Rabbi Arthur Green on Reb Zalman: “my mentor, teacher, dear friend”

A letter from Rabbi Arthur Green:

Dear friends in the world of Aleph and Pnai Or,

It is Sunday morning here in Jerusalem, where I am visiting briefly.

Awakening after a shabbat and a Melaveh Malkah filled with reminiscences and conversations about Zalman and how much he meant in all our lives. Then I start thinking about the large number of people with whom I share this loss and feel like I want or need to say something to you, especially those of you who joined with him in creating the renewal movement, which I, in a formal sense, did not.

Zalman has been my mentor, teacher, dear friend, for more than half a century. When I first met him in 1957, he was still a loyal Lubavitcher and I was a very impressionable 16 year old.

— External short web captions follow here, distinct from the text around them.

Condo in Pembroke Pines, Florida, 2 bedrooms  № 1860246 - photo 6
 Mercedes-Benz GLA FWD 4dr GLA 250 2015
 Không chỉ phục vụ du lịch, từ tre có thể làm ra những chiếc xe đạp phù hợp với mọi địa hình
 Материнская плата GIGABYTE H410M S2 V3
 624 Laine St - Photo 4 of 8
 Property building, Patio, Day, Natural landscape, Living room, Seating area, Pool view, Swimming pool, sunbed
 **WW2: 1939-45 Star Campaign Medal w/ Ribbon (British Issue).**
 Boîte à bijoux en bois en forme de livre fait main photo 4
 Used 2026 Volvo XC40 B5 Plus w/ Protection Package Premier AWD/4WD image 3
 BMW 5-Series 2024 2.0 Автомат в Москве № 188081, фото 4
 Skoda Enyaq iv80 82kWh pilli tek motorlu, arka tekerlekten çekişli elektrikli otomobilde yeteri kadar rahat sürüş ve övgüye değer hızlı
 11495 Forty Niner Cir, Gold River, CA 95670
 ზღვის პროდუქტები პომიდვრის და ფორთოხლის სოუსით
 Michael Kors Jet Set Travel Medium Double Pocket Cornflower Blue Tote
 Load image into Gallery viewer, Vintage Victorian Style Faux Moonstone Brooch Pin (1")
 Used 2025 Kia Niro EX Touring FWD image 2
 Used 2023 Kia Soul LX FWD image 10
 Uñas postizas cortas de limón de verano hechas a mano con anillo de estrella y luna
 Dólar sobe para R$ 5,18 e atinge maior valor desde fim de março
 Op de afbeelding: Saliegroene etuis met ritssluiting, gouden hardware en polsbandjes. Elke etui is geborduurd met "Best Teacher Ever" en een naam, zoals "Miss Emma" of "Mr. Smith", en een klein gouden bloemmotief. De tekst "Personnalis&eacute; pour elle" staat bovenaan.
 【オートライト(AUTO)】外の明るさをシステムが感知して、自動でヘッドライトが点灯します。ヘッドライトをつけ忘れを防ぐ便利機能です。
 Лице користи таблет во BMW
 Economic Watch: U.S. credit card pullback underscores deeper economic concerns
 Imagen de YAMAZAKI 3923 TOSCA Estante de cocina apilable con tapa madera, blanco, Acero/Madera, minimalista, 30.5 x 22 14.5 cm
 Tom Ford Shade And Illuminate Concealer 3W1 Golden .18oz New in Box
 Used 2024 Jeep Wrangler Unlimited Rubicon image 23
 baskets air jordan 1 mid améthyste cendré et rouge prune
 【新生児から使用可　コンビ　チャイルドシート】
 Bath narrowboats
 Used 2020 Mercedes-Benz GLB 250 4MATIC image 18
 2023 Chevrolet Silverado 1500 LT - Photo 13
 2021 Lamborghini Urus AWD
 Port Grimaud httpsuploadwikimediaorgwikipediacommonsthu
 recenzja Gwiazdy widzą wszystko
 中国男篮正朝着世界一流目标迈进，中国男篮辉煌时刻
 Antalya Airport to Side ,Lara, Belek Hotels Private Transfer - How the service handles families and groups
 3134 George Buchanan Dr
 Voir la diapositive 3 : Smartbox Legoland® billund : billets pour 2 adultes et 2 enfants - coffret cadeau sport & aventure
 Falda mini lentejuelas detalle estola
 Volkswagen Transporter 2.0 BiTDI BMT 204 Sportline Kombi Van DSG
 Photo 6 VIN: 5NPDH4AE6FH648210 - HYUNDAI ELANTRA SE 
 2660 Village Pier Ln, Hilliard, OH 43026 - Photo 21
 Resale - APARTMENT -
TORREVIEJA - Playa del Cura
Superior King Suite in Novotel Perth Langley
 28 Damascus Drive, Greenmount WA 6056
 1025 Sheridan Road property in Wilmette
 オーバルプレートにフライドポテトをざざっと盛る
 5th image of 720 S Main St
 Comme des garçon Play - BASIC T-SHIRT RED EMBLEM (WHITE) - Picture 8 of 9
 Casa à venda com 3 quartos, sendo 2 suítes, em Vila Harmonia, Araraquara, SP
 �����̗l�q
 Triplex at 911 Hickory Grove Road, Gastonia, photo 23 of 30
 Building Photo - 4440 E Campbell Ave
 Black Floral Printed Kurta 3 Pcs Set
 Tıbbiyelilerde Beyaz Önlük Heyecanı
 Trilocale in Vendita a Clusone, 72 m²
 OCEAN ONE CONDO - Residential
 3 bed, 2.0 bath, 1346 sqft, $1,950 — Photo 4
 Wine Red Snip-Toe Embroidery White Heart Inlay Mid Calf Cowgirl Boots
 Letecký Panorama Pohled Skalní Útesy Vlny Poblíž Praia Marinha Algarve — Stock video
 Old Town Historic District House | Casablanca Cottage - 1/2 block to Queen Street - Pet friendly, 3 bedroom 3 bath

We have been close since I was about 22, when I forced him into a friendship because I couldn’t handle having a rebbe. That did not mean, of course, refusing to learn from him.

I learned and grew tremendously in the course of the years and decades of that friendship. He was not rebbe to me, but he was mentor, always. (Yes, there have been many days when I envied you, having him as your rebbe!) The distinction is a very subtle one; this is not the place to discuss it.

Those of you reading this probably know that Zalman introduced my dear Kathy (“Sister Kreindel”) and me, first in the context of two people who sought to join Bnai Or, the Jewish monastic community he wanted to create back in the early ’60’s. That community never came to be, but Havurat Shalom, which I started in 1968, was a knock-off of it. We were terribly privileged to have Zalman join us in Boston for the first year of that wonderful community. You may also know that when Zalman created the existing Pnai Or, in the house around the corner from us in Philadelphia, which we had found for him, we just found that our styles had diverged enough that we did not join. Zalman was more new-age embracing than we were ready to be. I remember that Kathy and I formulated it then as “We want to be first cousins to that brother/sisterhood.”

So it developed over the years. We had great admiration for what Zalman was building, but somehow from the side. Of course we shared talmidim and dear friends, especially those of you to whom the note is first addressed.
Watching how much Zalman continued to create, how many people he taught and then empowered, through semikhah and otherwise, to become givers and leaders in Jewish life, was truly amazing. Yes, we continued to differ on some things; that’s no big secret. That is why we remained cousins to his enterprise. But two things were much bigger than all that. One was (and is!) the great love between us. The over-the-phone hugs every erev hag, including an annual erev-pesah reminder (“Remember: Fervor without Fanaticism!”) were terribly important to both of us. So were excited calls about texts we had discovered here and there in a Hasidic seforim. (This began as early as 1965, when we shared both Hasidut and LSD, a combination shared then by almost no one else….) The other bigger thing is that our lives were dedicated to the very same question: How do we take this mystical Judaism we both love and make it alive and vital for the current era?

Zalman was driven by that question, knowing how rich and deep the sources of that teaching are, and how alien and difficult their original garb is for those we teach. What should we keep of that tradition? What should we adapt? What should we lovingly leave behind? How do we figure out that balance, not “losing the baby with the bathwater,” as it were? We both have given our lives to that search.

Eddie Feld wrote me on Friday, saying very well that Zalman was my model of the contemporary Jewish seeker. Very true. That model means both feet firmly planted in the tradition; both eyes wide open to what’s happening in the world, both today and in anticipated tomorrow. Zalman PIONEERED this path; I was privileged to follow it, in my own way. He was — we were — a few decades ahead in the great rediscovery of mystical Judaism and how important it can be, both for revitalizing our own tradition and as a voice (never THE voice, as he knew so well) that the world in its contemporary morass needs so much to hear.

I guess I’m writing you all for two reasons. One is simply תנחומים, consolation. We cousins have lost our shared beloved father/uncle/teacher/friend. So I want to reach out and say that I feel your/our shared pain and wish us all healing from our great loss, a healing that will be ever so enriched by the tremendous legacy we share, from which we will all continue to learn and grow. But I also am writing to THANK you.

I thank you for being there to learn from Zalman for all these years. I thank you for all you did for him personally, in support both spiritual and material, much more than I did. I thank you for building Pnai Or, Aleph, Ohalah, and all that goes with them. You — He, of course, — but very much you, collectively as well, have created something of great beauty and importance, opening a welcoming channel for many Jews who would not have found their way either to Y-H-W-H or to Judaism without you. Kol ha-kavod, I want to say. I give you great honor for all you have built.

Sent you you from this broken city with a still-broken but healing heart. I am off to Meron today. I will certainly carry my love for Zalman to the grave and place of our teacher R. Shim’on bar Yohai.